Il espère ainsi que les Bleus seront à la hauteur pour le dernier match de la saison. Il explique également pourquoi il est si fort dans les grattages au sol. Extrait:

La France n’a plus battu l’Australie depuis vingt quatre ans. Que faire pour changer ?

Historiquement, une victoire serait gigantesque. J’avais deux ans la dernière fois que c’est arrivé. Vous vous rendez compte ?

Avez-vous pris du plaisir, à Melbourne, lors du deuxième test perdu 6-0 ?

Le plaisir, ça passe après le résultat… On sortait d’une très grosse défaite, à cinquante points. L’important était de se rassurer défensivement et, surtout, de laver notre honneur. Le plaisir, j’en ai aussi pris en grattant des ballons au sol et en mettant des plaquages.

Doit-on s’attendre à un tel scénario, samedi ?

Je ne sais pas. J’aimerais beaucoup que l’on se lâche davantage. C’est le dernier match de la saison… 

Philippe Saint-André disait que les Australiens avaient détaché deux joueurs pour vous contrer, lors du deuxième test. Vrai ?

Oui. Fardy et Hooper étaient mes gardes du corps désignés à Melbourne. Ils ne m’ont pas lâché ! J’ai essayé de faire avec.

Comment prenez-vous le fait que le sélectionneur national mette en avant vos qualités de gratteur avant vos qualités d’attaquant ?

Gratter les ballons fait partie de mes points forts, tout le monde le sait. J’ai le gabarit pour ça et, quand je me mets au-dessus du porteur de balle, il devient alors difficile de m’éjecter. Si cela profite à l’équipe, c’est tant mieux. Vous savez, Philippe (Saint-André, N.D.L.R.) a dit ça comme ça. Ce n’est pas la révélation de l’année, non plus. 

Il n’a pourtant cité que deux joueurs : vous et Thierry Dusautoir…

Ah bon ? À côté de « Titi », c’est déjà beaucoup plus classe ! 

Quelle est votre technique au grattage ?

Je le fais au feeling. Je trie. Si je vois qu’il y a le temps de récupérer un ballon, je fonce. Sinon, je m’écarte. Avant, quand je plaquais un adversaire, j’essayais systématiquement de gratter la balle. Or, il n’y a pas toujours la place pour le faire, on y laisse de l’énergie et, résultat, il y a un défenseur en moins dans la ligne ! Dans cette phase de jeu, c’est toujours à quitte ou double. Si tu perds l’équilibre, tu peux aussi coûter trois points à ton équipe.

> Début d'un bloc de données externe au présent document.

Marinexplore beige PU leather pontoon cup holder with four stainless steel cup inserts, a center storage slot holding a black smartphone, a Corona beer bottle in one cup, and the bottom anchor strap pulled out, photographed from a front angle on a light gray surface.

Pourquoi lever les bras au ciel avant de plonger sur le porteur de balle, en arrivant au ruck ?

Les arbitres nous sensibilisent sur ça. Je dois donc montrer que je ne tiens plus l’attaquant. J’essaie d’être le plus clair possible, afin qu’il n’y ait la moindre confusion entre le plaqueur et le gratteur. […] L’Australie nous avait battus sur le rythme, au premier match. Si on perdait la bataille des rucks, on était morts. On m’avait donc demandé de mettre les mains sur le ballon pour le ralentir lors du second test. C’est la raison pour laquelle ils ont fait entrer Kurtley Beale à l’ouverture, en deuxième mi-temps. On a vu la différence. On était dans le dur et le mec faisait des zigzags à 10 000 à l’heure partout ! En deux accélérations, il m’a fait tirer la langue…

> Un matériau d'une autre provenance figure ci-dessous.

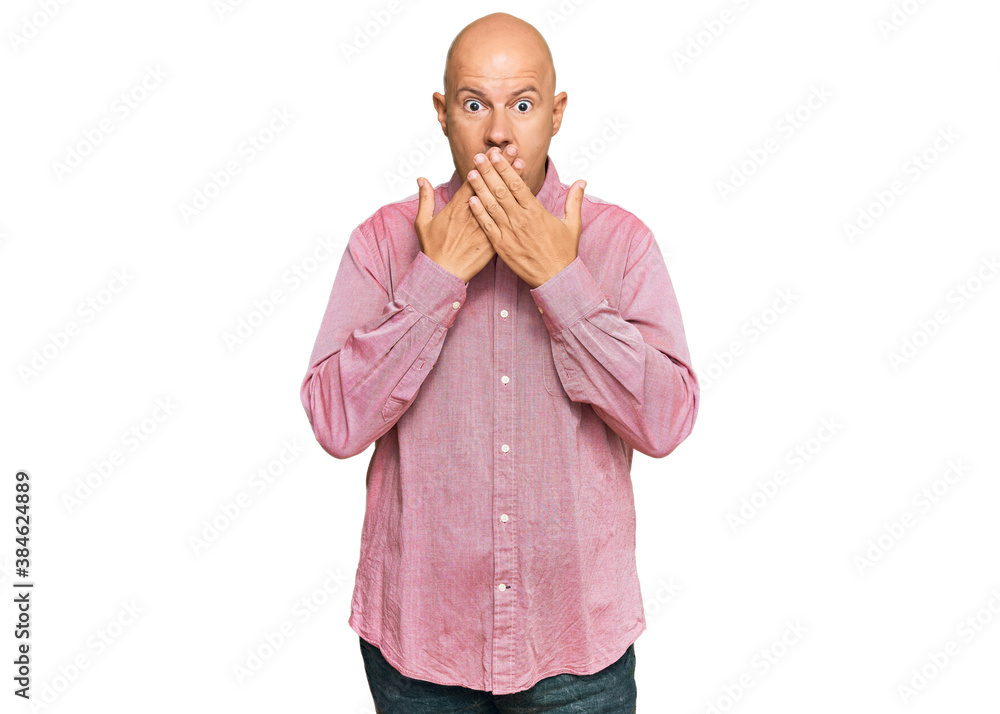 Middle age bald man wearing casual clothes shocked covering mouth with hands for mistake. secret concept. Middle age bald man wearing casual clothes shocked covering mouth with hands for mistake. secret concept.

Les Australiens ont promis de montrer un tout autre visage, à Sydney. Craignez-vous une réaction d’orgueil ?

Oui et non. Si on arrive à gagner nos duels en attaque et en défense, ils auront beau faire trois mètres de haut et cinq de large, on remportera ce dernier test.

Avez-vous joué deuxième centre à Melbourne pour cibler Matt Toomua, réputé moins solide en défense que Tevita Kuridrani ?

Non. Le numéro 13 est juste celui que je porte depuis tout môme. C’est devenu un numéro fétiche, au fil du temps. Les Australiens sont fascinés par votre morphologie. 

Cela vous surprend-il ?

Non, plus maintenant. J’ai un gabarit atypique. Je ressemble plus à un pilier ou un talonneur qu’à un trois-quarts centre. J’ai toujours été comme ça. Faut demander à ma mère pourquoi ! (rires) Ce gabarit est un atout pour moi et l’équipe. Il suffit de bien savoir l’utiliser.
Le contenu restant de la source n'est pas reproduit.